Scientists analyzed a mix of chemical variants called isotopes in seafloor samples from different parts of the planet to figure out what “mantle domain” produced them. Most of the solid stuff on or near Earth’s surface was, at some point, part of the planet’s hot molten interior. But different parts (or domains) of that interior contain different ratios of various isotopes and thus produce different telltale compositions, or signatures. Scientists studying the material from this faraway part of the ocean, termed the Australian-Antarctic Ridge (AAR), determined that it had a unique chemical signature. This new signature means the samples must have emerged from a domain that was previously unknown. [In Photos: Ocean Hidden Beneath Earth’s Surface]

This 1,200-mile-wide (1,900 kilometers) region was “the last gap” in the geological model of the seafloor, the researchers wrote in a paper published Jan. 28 in the journal Nature Geoscience.

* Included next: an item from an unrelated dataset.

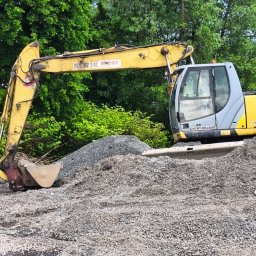 Układanie kostki brukowej Rybnik 2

Scientists had predicted that the AAR would have a similar isotopic signature to the Pacific, they wrote, suggesting the two seafloor regions emerged from the same part of Earth’s mantle — the hot, rocky region later sandwiched between the crust and the core. Instead, it appears to have burst upward separately from its own part of the mantle, likely as part of a major geologic disruption that occurred about 90 million years ago.